What to produce –
The data below is to be returned in full and exactly.

Data to use –

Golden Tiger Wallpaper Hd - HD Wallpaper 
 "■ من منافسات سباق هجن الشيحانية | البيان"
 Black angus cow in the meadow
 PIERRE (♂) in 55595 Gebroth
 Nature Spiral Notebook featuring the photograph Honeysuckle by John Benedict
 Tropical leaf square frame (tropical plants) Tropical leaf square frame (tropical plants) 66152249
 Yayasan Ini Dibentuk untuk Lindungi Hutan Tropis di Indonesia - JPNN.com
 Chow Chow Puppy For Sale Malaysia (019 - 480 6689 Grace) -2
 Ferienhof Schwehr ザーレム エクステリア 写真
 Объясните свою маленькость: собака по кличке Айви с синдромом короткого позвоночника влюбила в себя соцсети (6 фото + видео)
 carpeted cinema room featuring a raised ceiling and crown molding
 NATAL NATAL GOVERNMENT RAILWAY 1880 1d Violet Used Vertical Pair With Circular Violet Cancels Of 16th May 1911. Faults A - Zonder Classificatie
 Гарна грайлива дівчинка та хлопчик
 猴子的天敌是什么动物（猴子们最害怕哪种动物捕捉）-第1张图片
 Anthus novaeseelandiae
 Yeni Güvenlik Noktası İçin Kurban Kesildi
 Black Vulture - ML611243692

Response to this exercise –
Golden Tiger Wallpaper Hd - HD Wallpaper 
 "■ من منافسات سباق هجن الشيحانية | البيان"
 Black angus cow in the meadow
 PIERRE (♂) in 55595 Gebroth
 Nature Spiral Notebook featuring the photograph Honeysuckle by John Benedict
 Tropical leaf square frame (tropical plants) Tropical leaf square frame (tropical plants) 66152249
 Yayasan Ini Dibentuk untuk Lindungi Hutan Tropis di Indonesia - JPNN.com
 Chow Chow Puppy For Sale Malaysia (019 - 480 6689 Grace) -2
 Ferienhof Schwehr ザーレム エクステリア 写真
 Объясните свою маленькость: собака по кличке Айви с синдромом короткого позвоночника влюбила в себя соцсети (6 фото + видео)
 carpeted cinema room featuring a raised ceiling and crown molding
 NATAL NATAL GOVERNMENT RAILWAY 1880 1d Violet Used Vertical Pair With Circular Violet Cancels Of 16th May 1911. Faults A - Zonder Classificatie
 Гарна грайлива дівчинка та хлопчик
 猴子的天敌是什么动物（猴子们最害怕哪种动物捕捉）-第1张图片
 Anthus novaeseelandiae
 Yeni Güvenlik Noktası İçin Kurban Kesildi
 Black Vulture - ML611243692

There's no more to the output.